*About this exercise:* Although the records include pictures, the copy should not; write out exactly the lines from the first through the line with "được trang bị đầy đủ tiện nghi.".

Data records section start

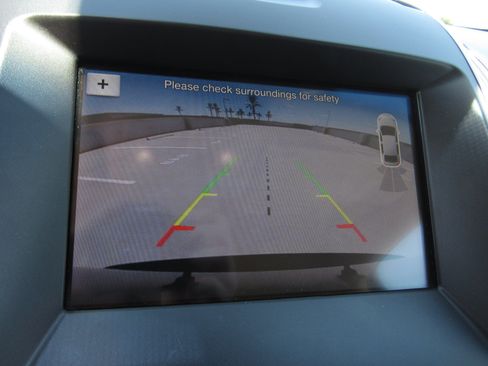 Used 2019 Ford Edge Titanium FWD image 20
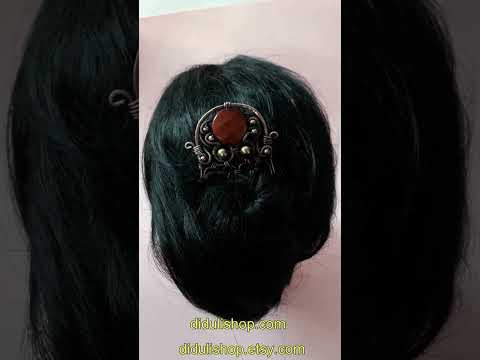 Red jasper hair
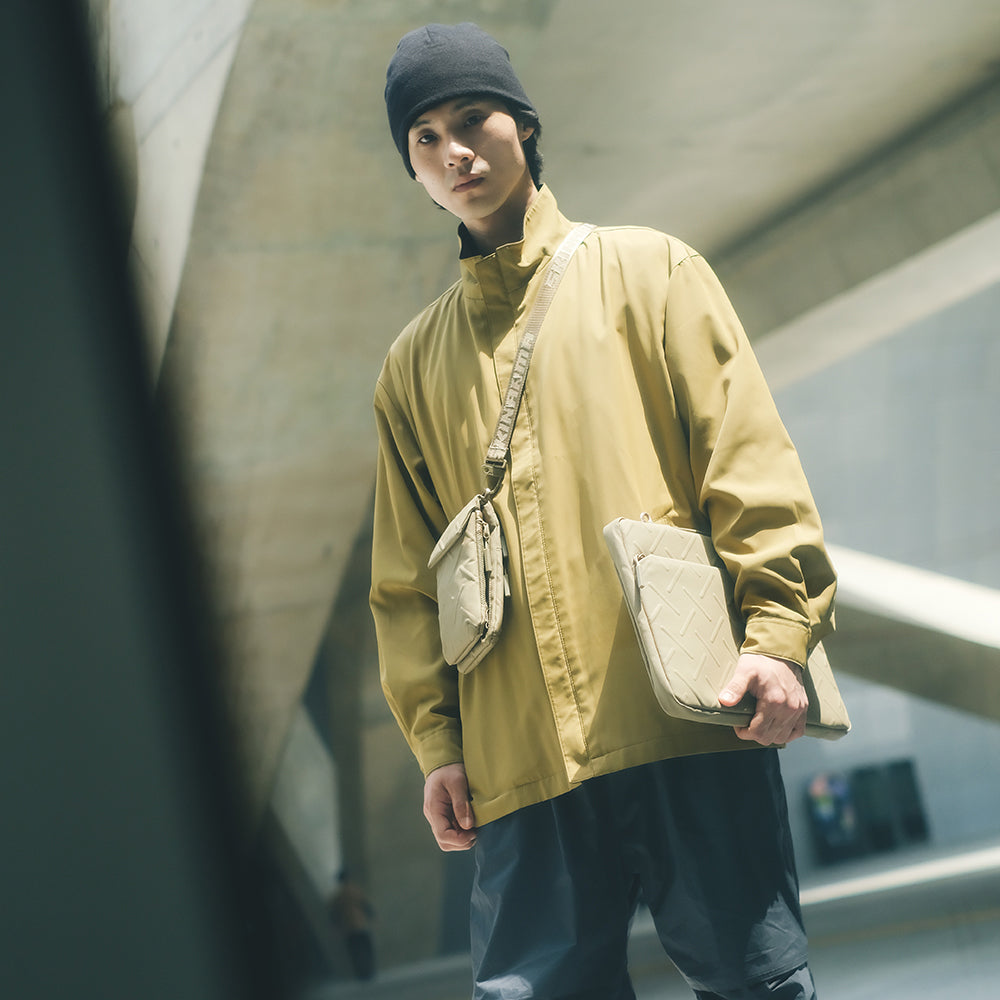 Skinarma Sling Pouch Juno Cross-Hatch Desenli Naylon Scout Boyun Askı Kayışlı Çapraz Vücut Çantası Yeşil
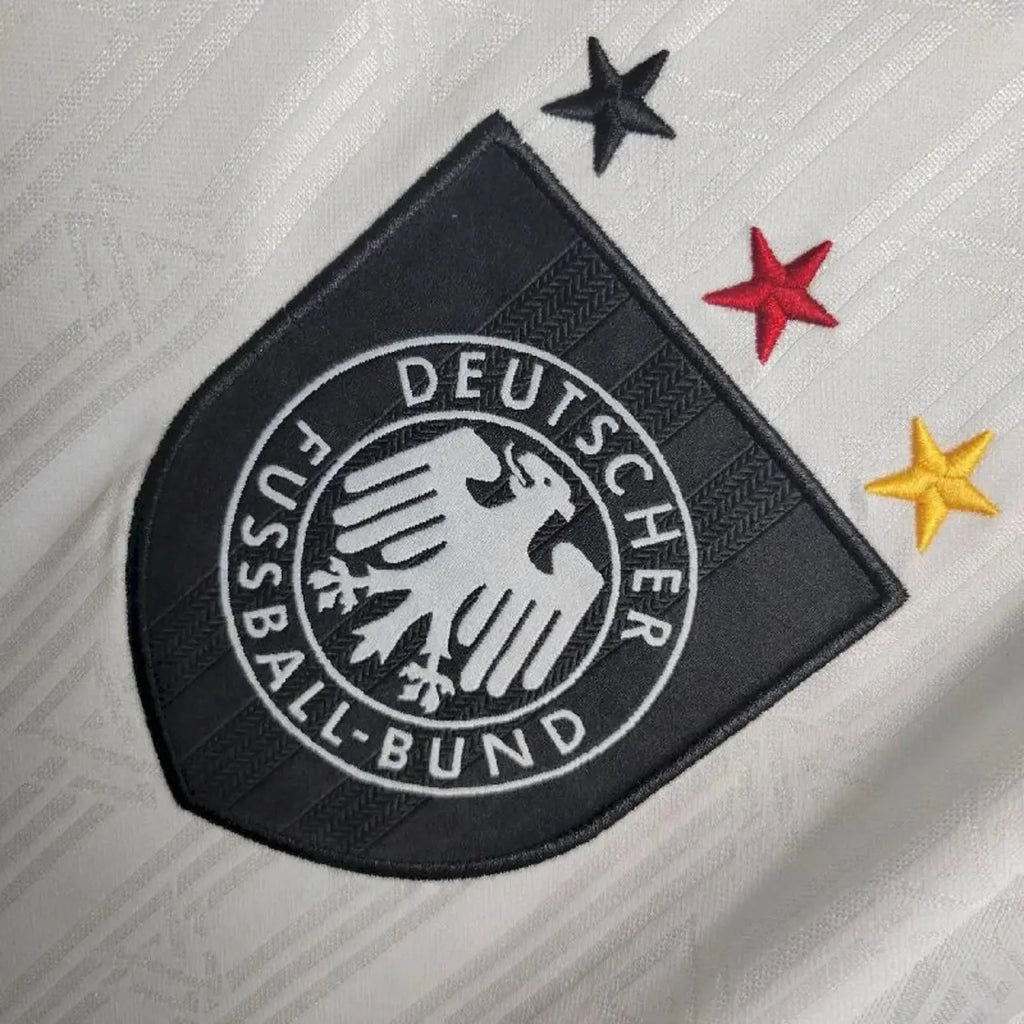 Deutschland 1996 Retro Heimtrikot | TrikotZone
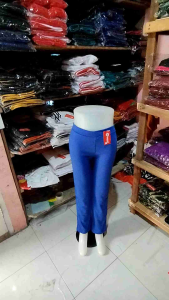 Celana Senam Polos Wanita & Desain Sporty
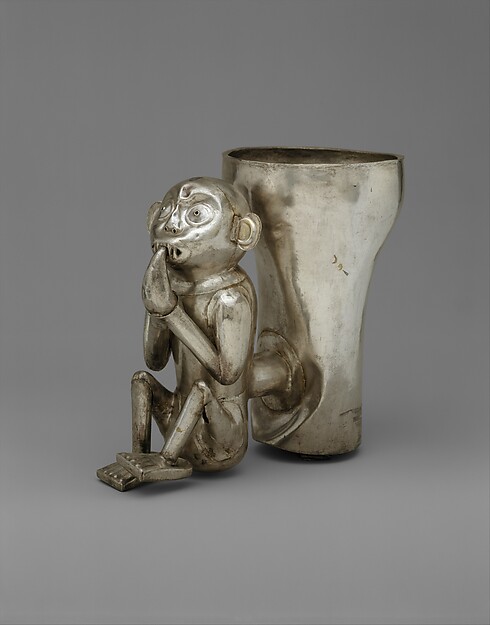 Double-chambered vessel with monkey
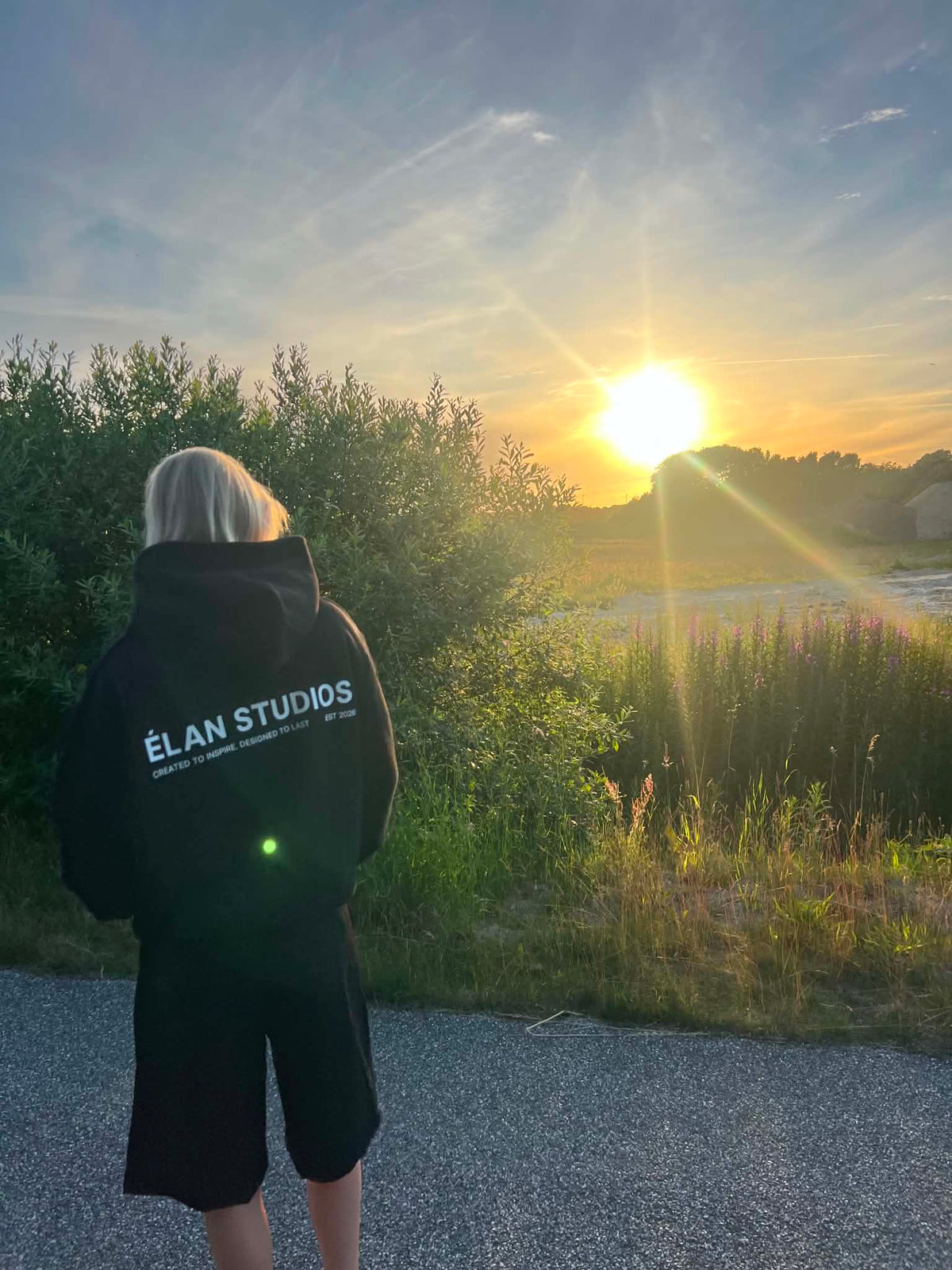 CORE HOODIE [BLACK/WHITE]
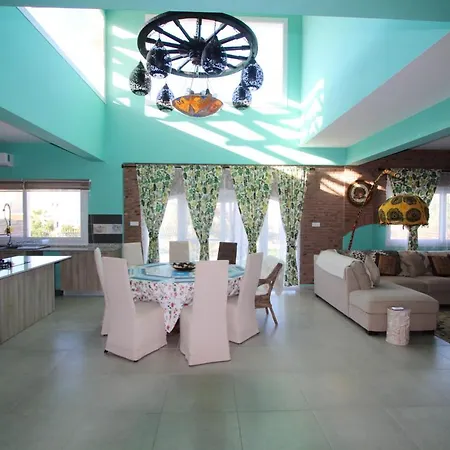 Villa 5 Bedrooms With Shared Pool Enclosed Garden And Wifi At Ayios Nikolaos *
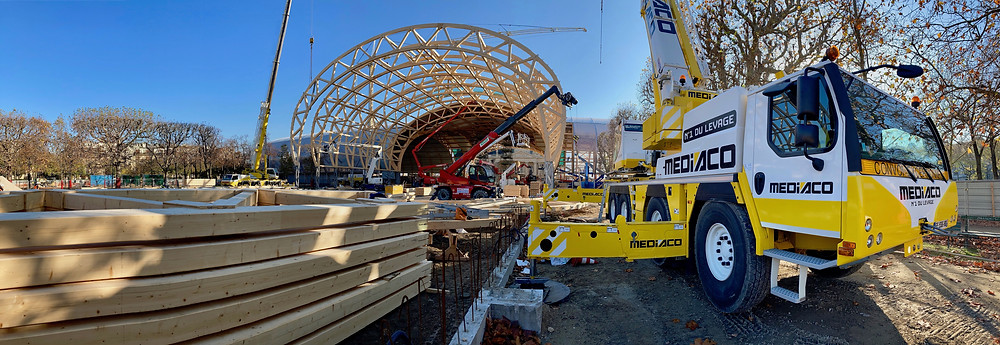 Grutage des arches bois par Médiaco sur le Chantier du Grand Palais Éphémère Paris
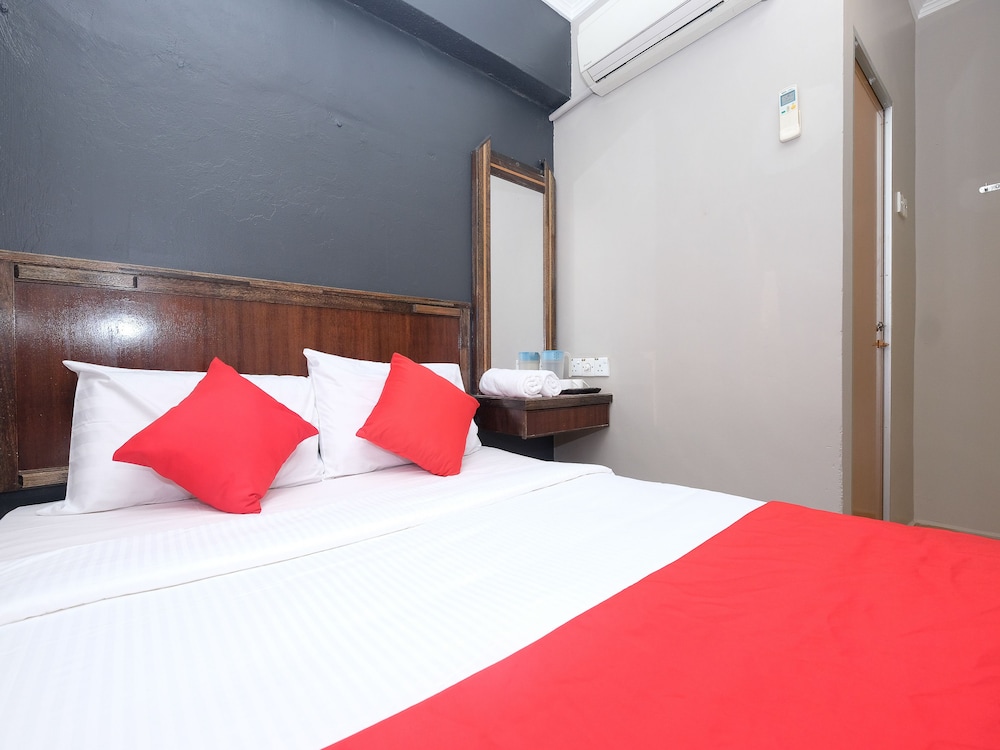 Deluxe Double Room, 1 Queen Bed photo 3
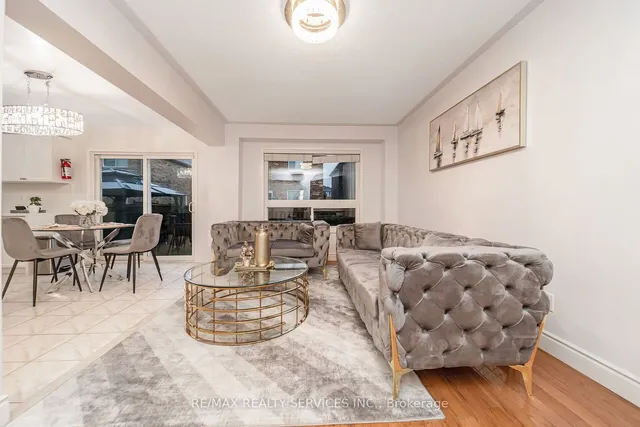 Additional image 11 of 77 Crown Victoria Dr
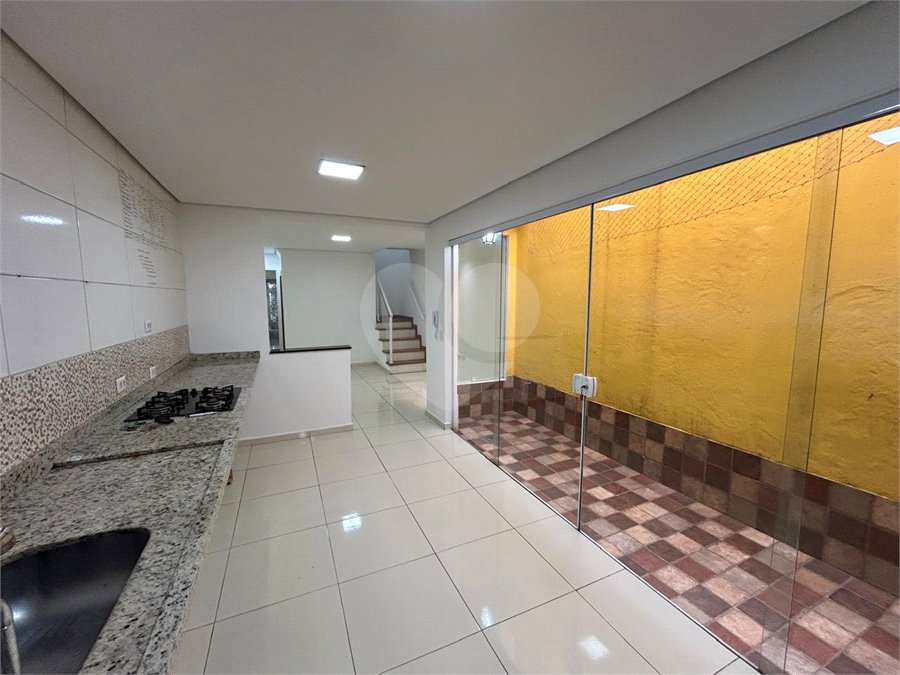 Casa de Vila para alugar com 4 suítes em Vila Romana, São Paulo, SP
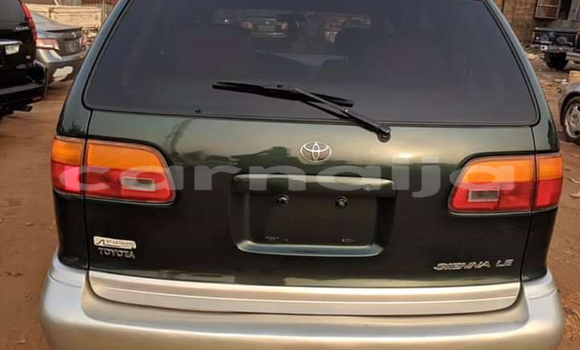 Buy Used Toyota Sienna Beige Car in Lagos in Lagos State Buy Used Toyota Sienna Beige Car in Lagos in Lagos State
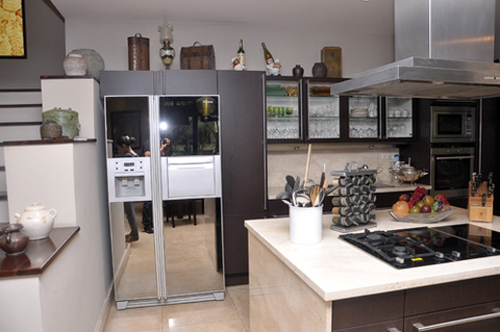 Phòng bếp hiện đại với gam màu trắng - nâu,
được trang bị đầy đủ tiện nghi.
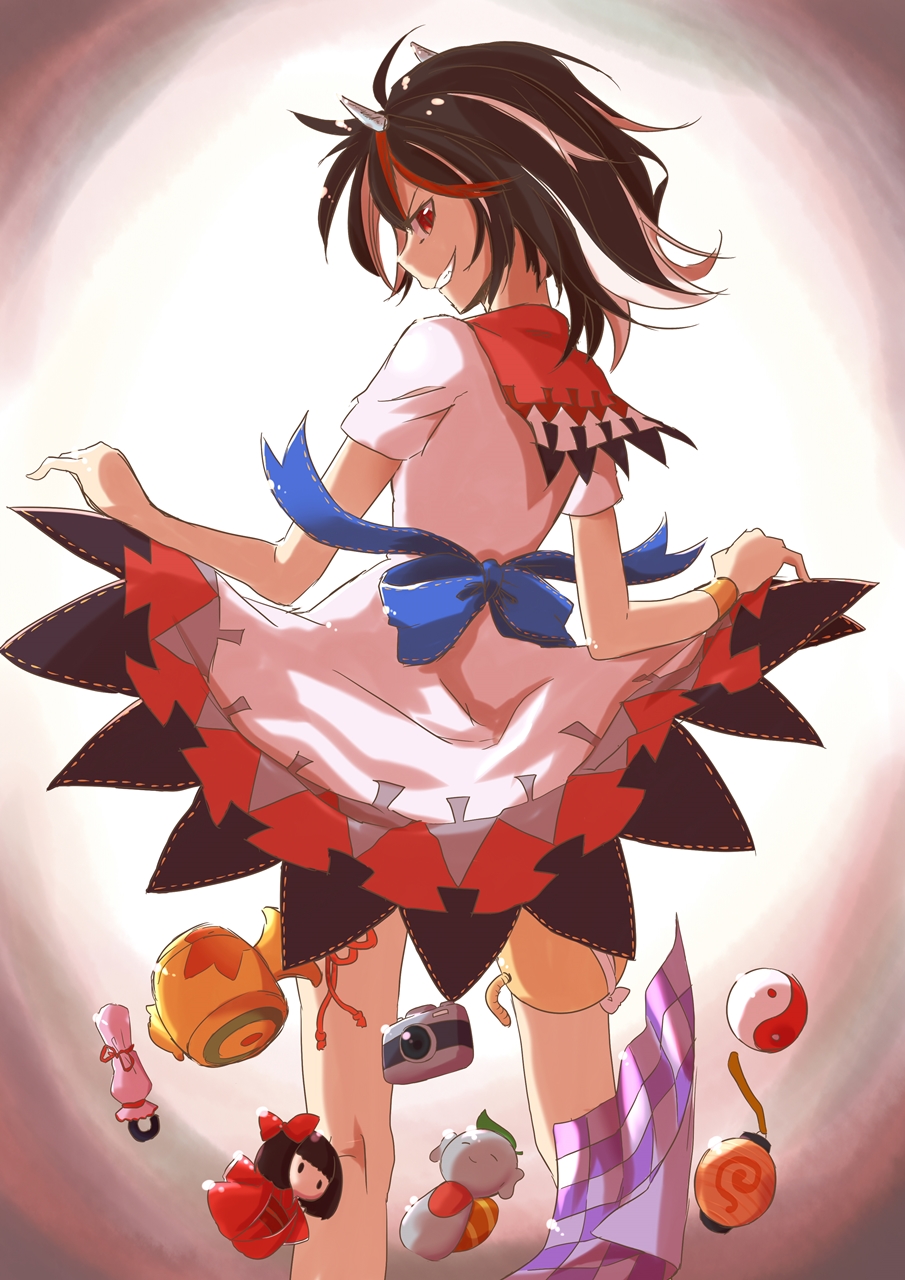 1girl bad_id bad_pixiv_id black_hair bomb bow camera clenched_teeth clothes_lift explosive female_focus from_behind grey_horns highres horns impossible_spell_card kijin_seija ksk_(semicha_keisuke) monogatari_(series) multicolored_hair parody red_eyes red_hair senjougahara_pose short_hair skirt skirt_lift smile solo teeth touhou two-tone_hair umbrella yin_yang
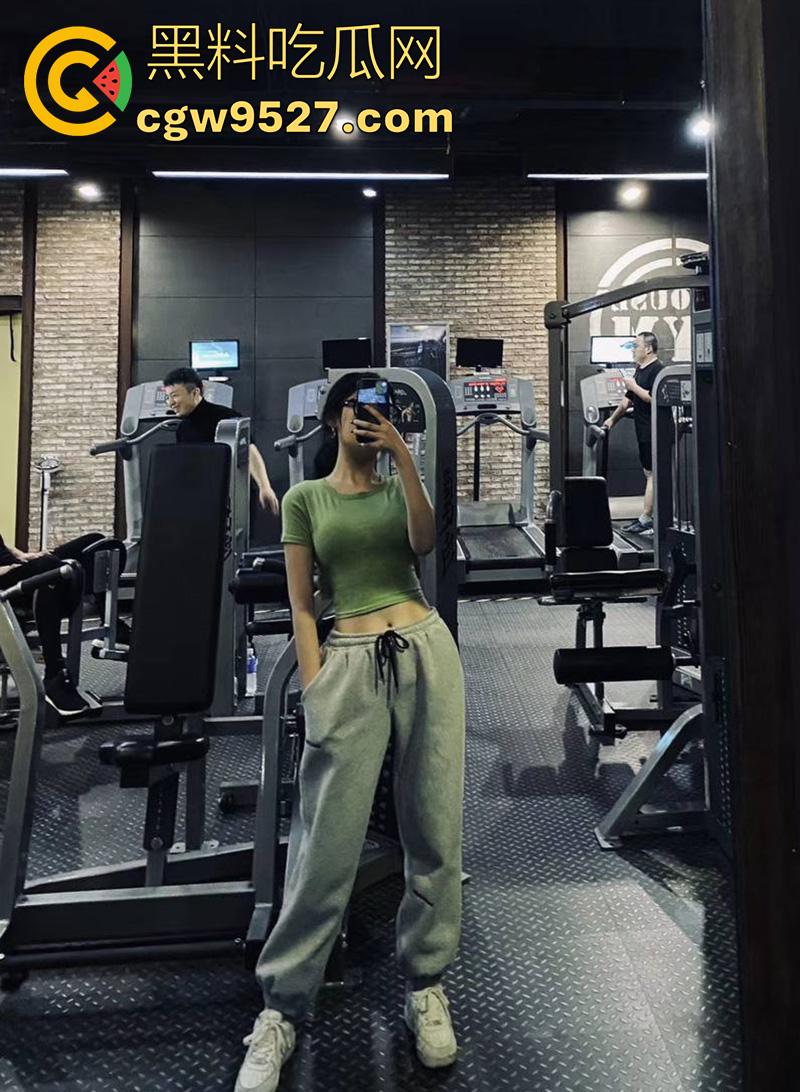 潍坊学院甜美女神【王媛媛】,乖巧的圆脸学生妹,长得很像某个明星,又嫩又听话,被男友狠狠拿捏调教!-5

Data records section end

*Final answer:*
 Used 2019 Ford Edge Titanium FWD image 20
 Red jasper hair
 Skinarma Sling Pouch Juno Cross-Hatch Desenli Naylon Scout Boyun Askı Kayışlı Çapraz Vücut Çantası Yeşil
 Deutschland 1996 Retro Heimtrikot | TrikotZone
 Celana Senam Polos Wanita & Desain Sporty
 Double-chambered vessel with monkey
 CORE HOODIE [BLACK/WHITE]
 Villa 5 Bedrooms With Shared Pool Enclosed Garden And Wifi At Ayios Nikolaos *
 Grutage des arches bois par Médiaco sur le Chantier du Grand Palais Éphémère Paris
 Deluxe Double Room, 1 Queen Bed photo 3
 Additional image 11 of 77 Crown Victoria Dr
 Casa de Vila para alugar com 4 suítes em Vila Romana, São Paulo, SP
 Buy Used Toyota Sienna Beige Car in Lagos in Lagos State Buy Used Toyota Sienna Beige Car in Lagos in Lagos State
 Phòng bếp hiện đại với gam màu trắng - nâu,
được trang bị đầy đủ tiện nghi.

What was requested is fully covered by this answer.